Would you restate all of the entries verbatim, minus any images?

MATERIAL SHOWN =>
▬▬▬▬▬▬

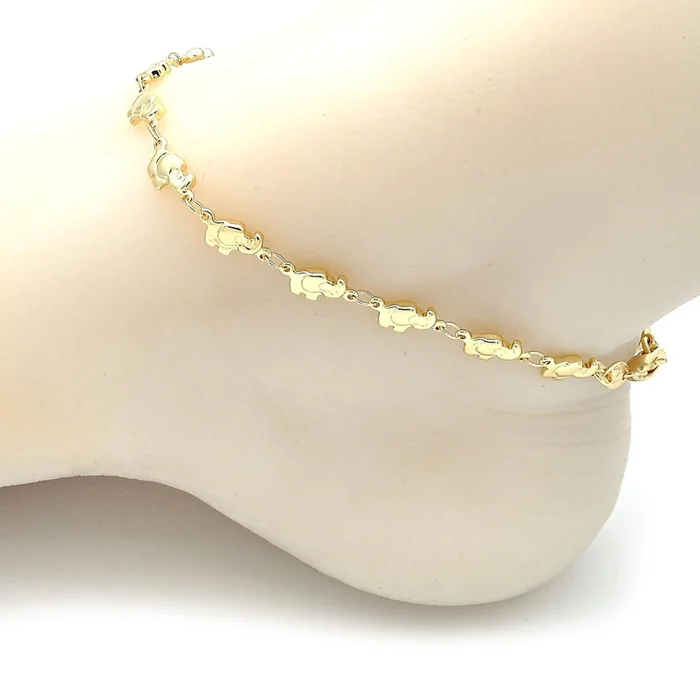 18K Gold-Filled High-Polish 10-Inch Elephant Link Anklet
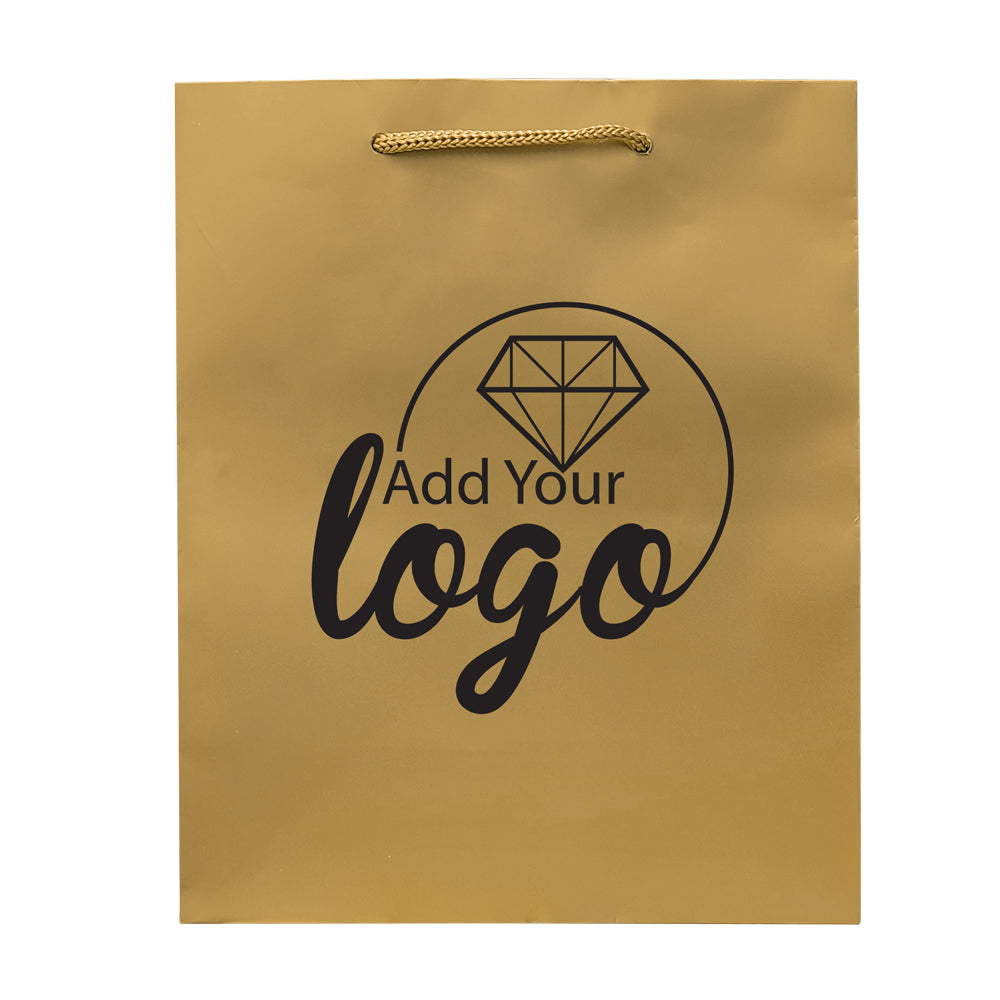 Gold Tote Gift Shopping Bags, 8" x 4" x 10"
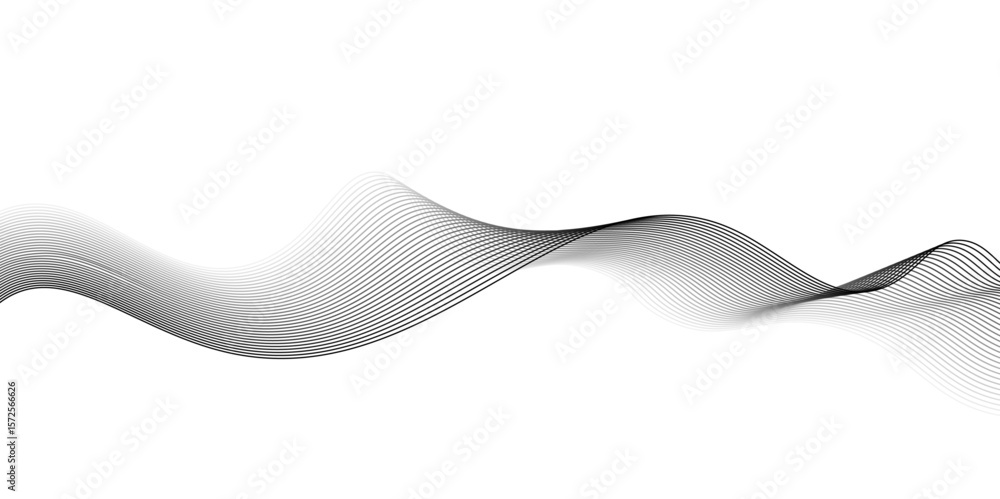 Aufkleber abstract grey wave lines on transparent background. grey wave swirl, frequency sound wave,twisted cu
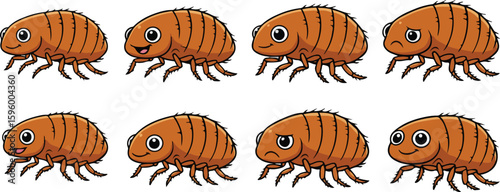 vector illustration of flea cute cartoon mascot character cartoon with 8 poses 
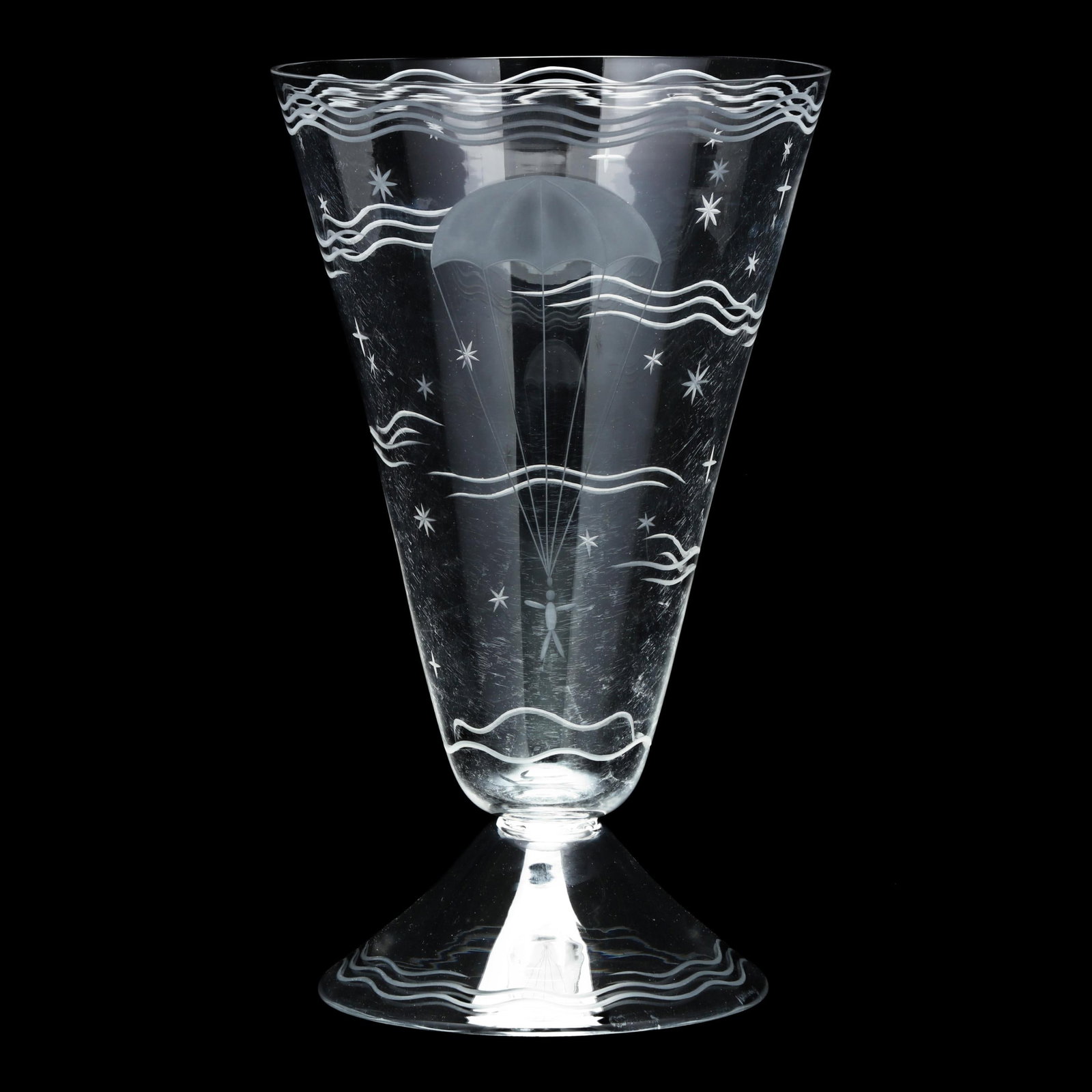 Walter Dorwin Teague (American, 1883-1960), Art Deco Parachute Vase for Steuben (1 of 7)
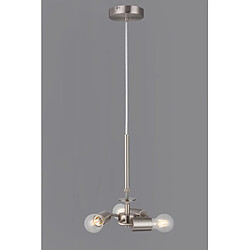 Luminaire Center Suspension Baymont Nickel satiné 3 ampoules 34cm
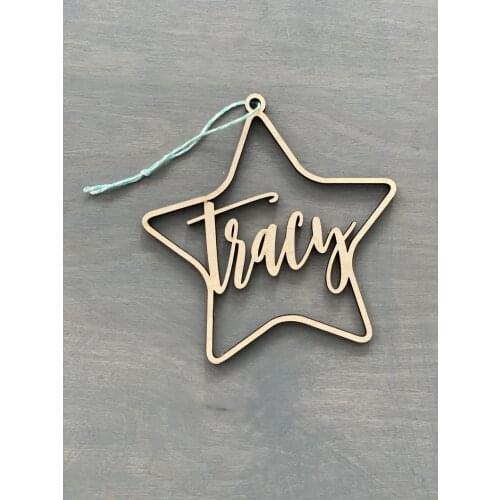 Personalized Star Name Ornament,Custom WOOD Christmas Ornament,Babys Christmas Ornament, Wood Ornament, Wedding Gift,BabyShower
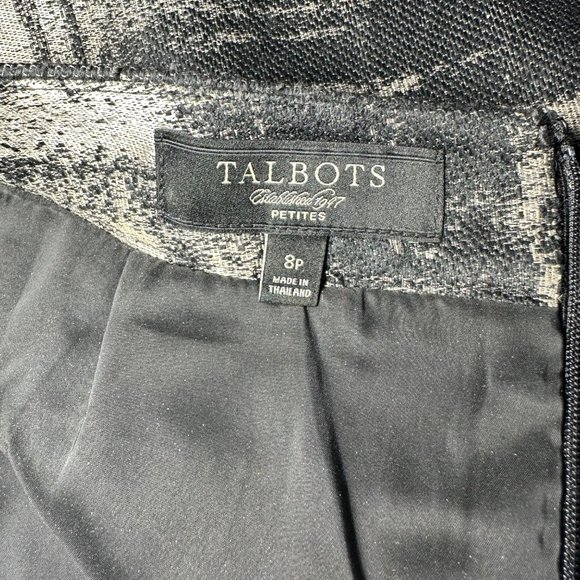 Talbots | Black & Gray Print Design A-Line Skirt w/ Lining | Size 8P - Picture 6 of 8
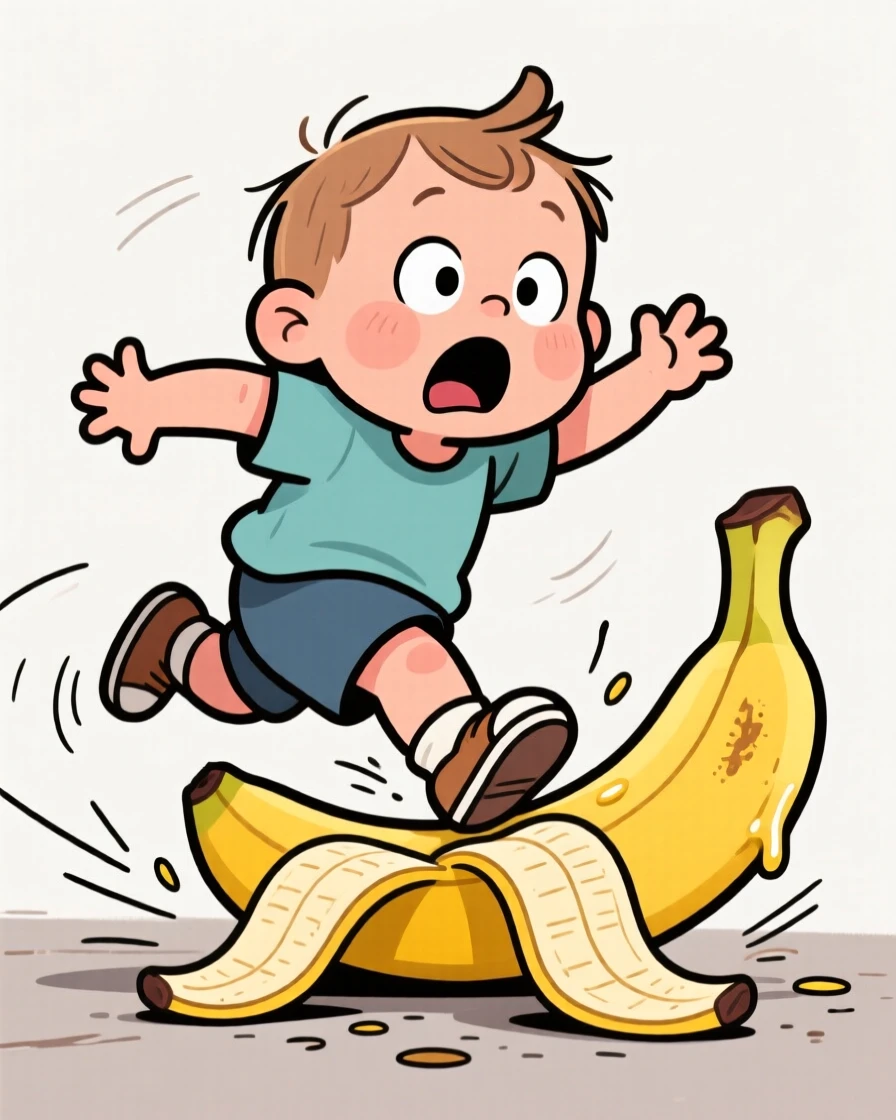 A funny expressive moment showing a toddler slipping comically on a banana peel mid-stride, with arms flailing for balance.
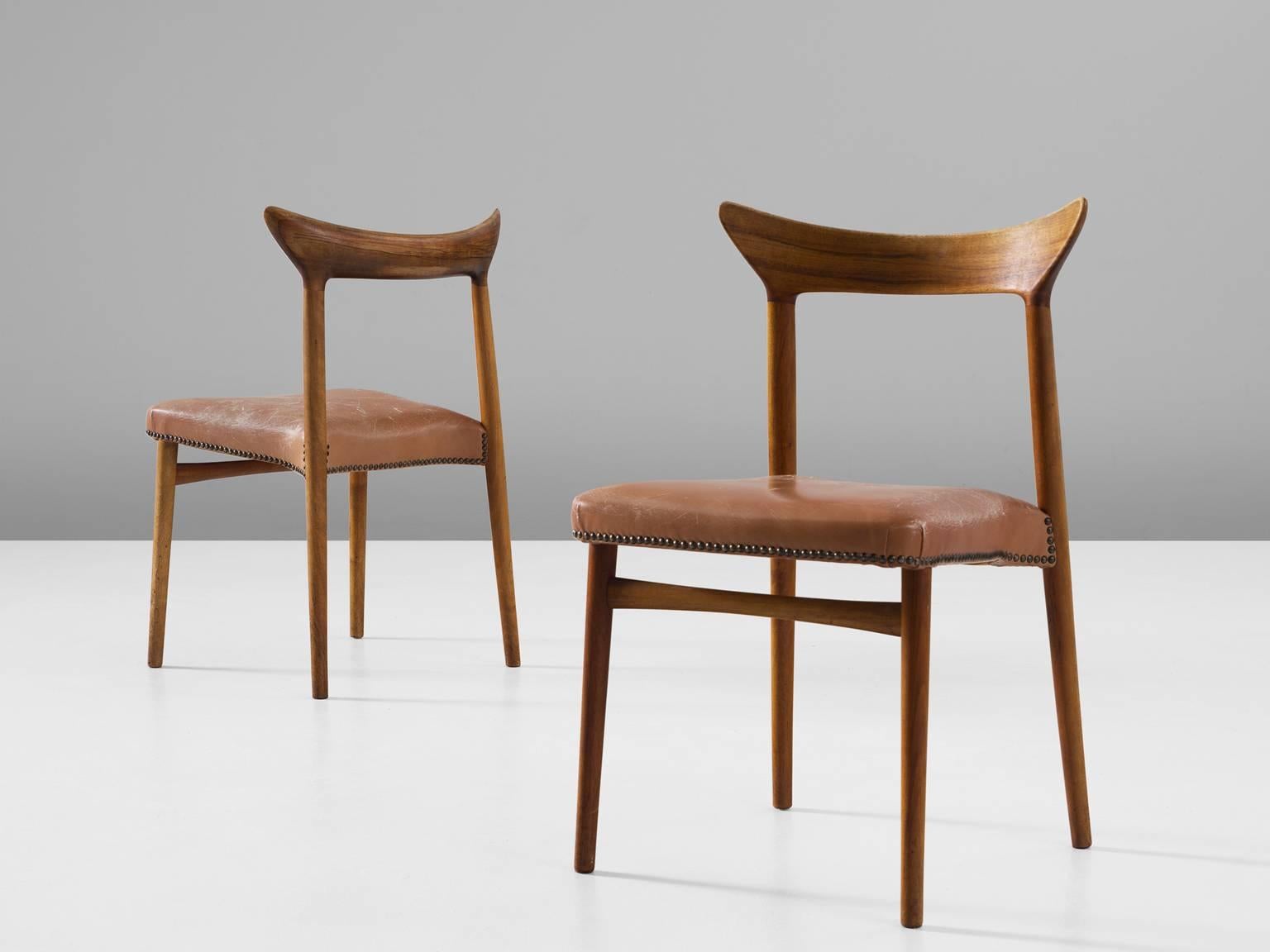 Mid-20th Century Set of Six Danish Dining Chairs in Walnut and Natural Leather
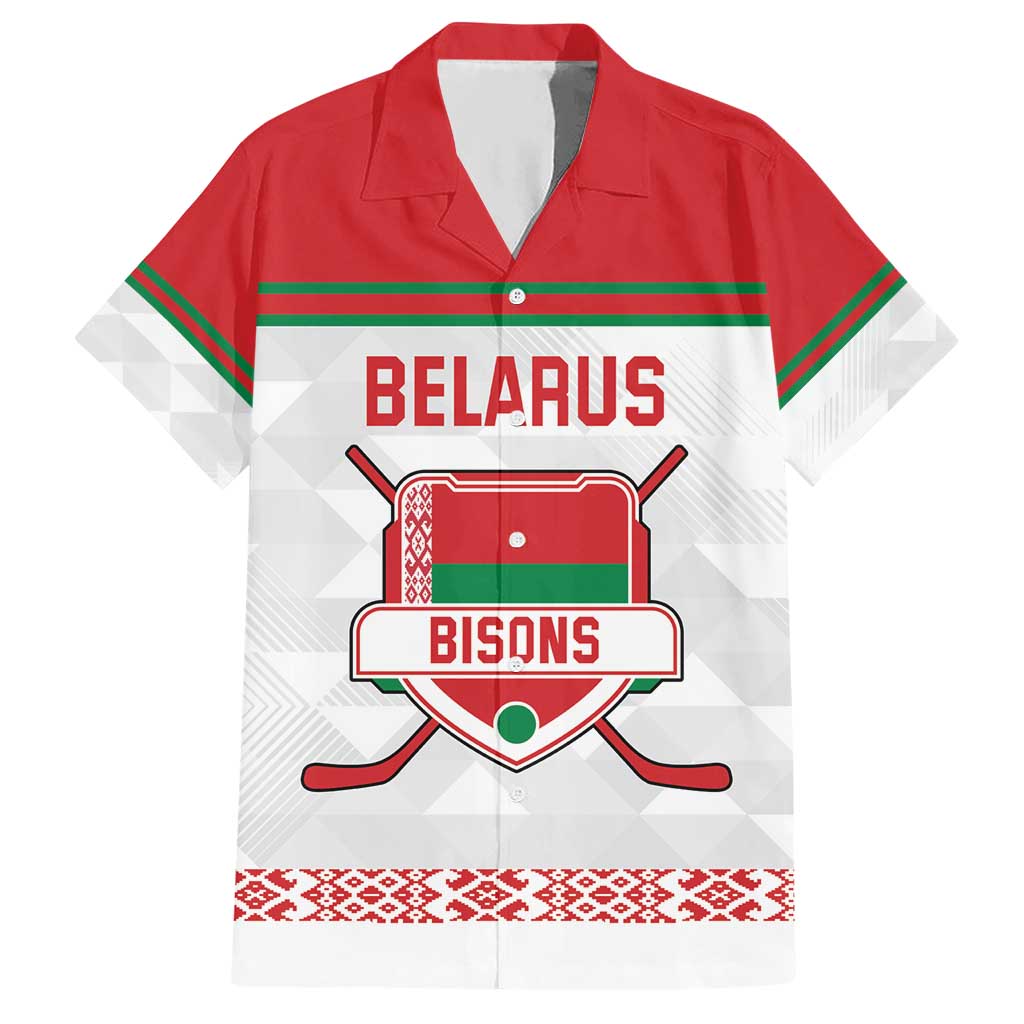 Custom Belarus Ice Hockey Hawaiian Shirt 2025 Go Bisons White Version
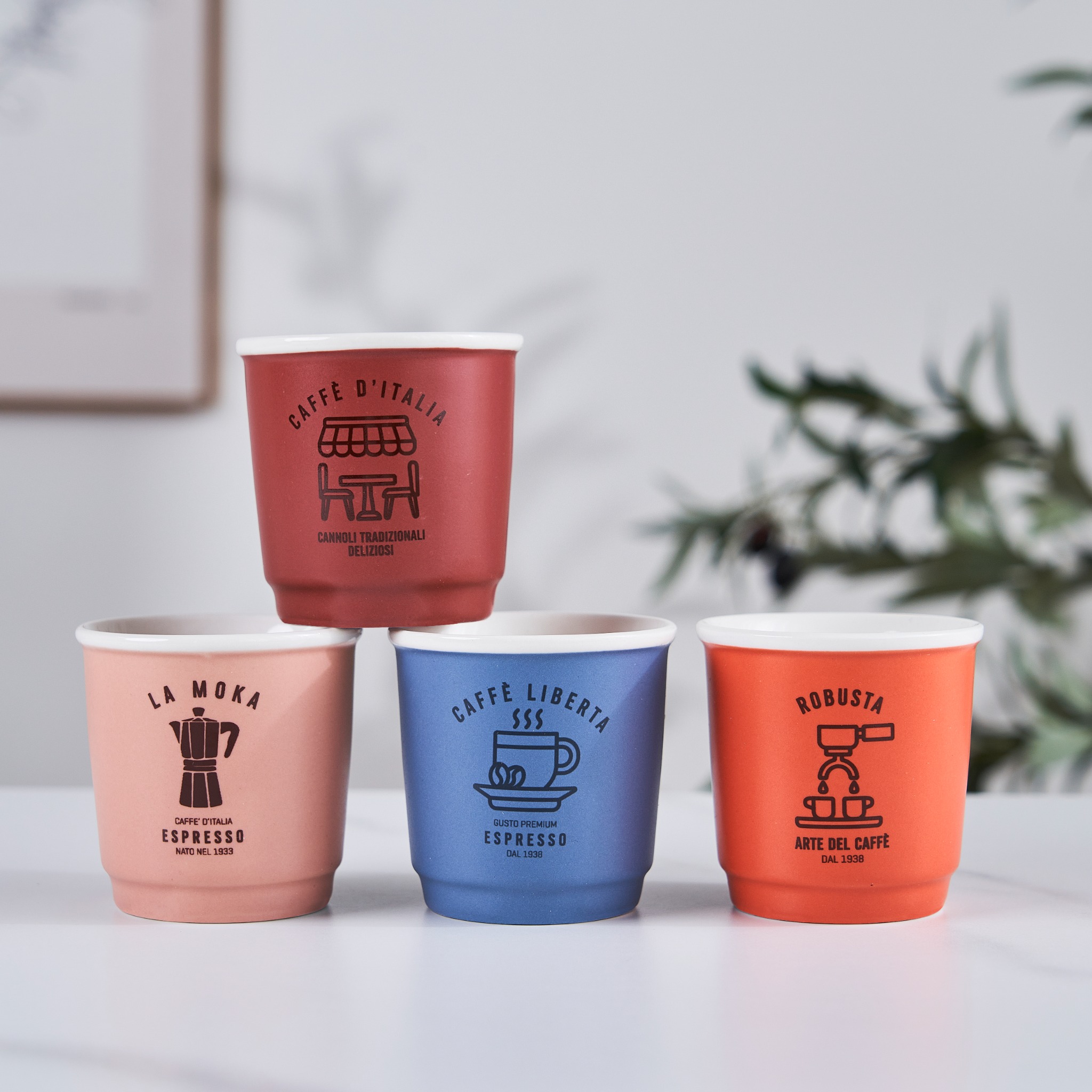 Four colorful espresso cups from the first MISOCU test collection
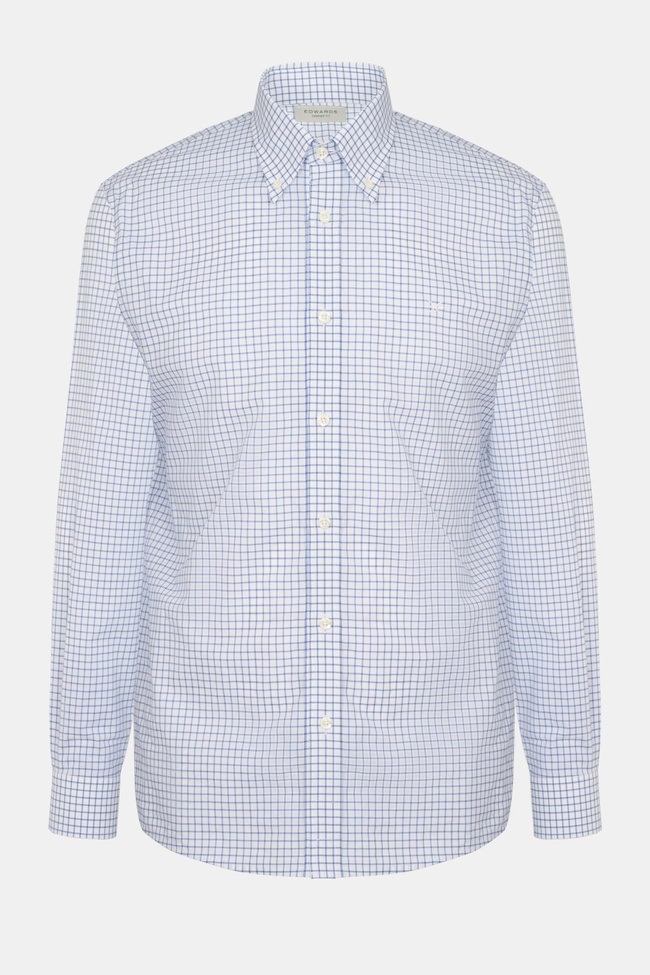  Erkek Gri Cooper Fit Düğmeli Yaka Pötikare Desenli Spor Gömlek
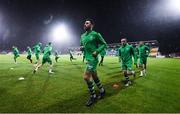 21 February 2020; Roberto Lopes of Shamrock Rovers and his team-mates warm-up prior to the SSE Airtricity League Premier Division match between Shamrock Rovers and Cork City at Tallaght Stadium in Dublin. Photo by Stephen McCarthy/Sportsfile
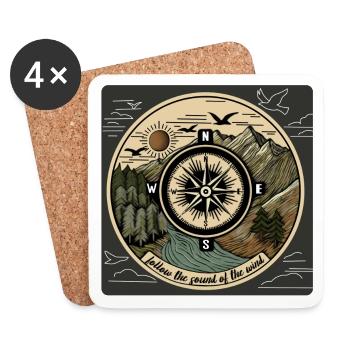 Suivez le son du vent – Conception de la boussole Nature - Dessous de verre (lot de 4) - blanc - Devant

▬▬▬▬▬▬

TASK RESULT =>
 18K Gold-Filled High-Polish 10-Inch Elephant Link Anklet
 Gold Tote Gift Shopping Bags, 8" x 4" x 10"
 Aufkleber abstract grey wave lines on transparent background. grey wave swirl, frequency sound wave,twisted cu
 vector illustration of flea cute cartoon mascot character cartoon with 8 poses 
 Walter Dorwin Teague (American, 1883-1960), Art Deco Parachute Vase for Steuben (1 of 7)
 Luminaire Center Suspension Baymont Nickel satiné 3 ampoules 34cm
 Personalized Star Name Ornament,Custom WOOD Christmas Ornament,Babys Christmas Ornament, Wood Ornament, Wedding Gift,BabyShower
 Talbots | Black & Gray Print Design A-Line Skirt w/ Lining | Size 8P - Picture 6 of 8
 A funny expressive moment showing a toddler slipping comically on a banana peel mid-stride, with arms flailing for balance.
 Mid-20th Century Set of Six Danish Dining Chairs in Walnut and Natural Leather
 Custom Belarus Ice Hockey Hawaiian Shirt 2025 Go Bisons White Version
 Four colorful espresso cups from the first MISOCU test collection
  Erkek Gri Cooper Fit Düğmeli Yaka Pötikare Desenli Spor Gömlek
 21 February 2020; Roberto Lopes of Shamrock Rovers and his team-mates warm-up prior to the SSE Airtricity League Premier Division match between Shamrock Rovers and Cork City at Tallaght Stadium in Dublin. Photo by Stephen McCarthy/Sportsfile
 Suivez le son du vent – Conception de la boussole Nature - Dessous de verre (lot de 4) - blanc - Devant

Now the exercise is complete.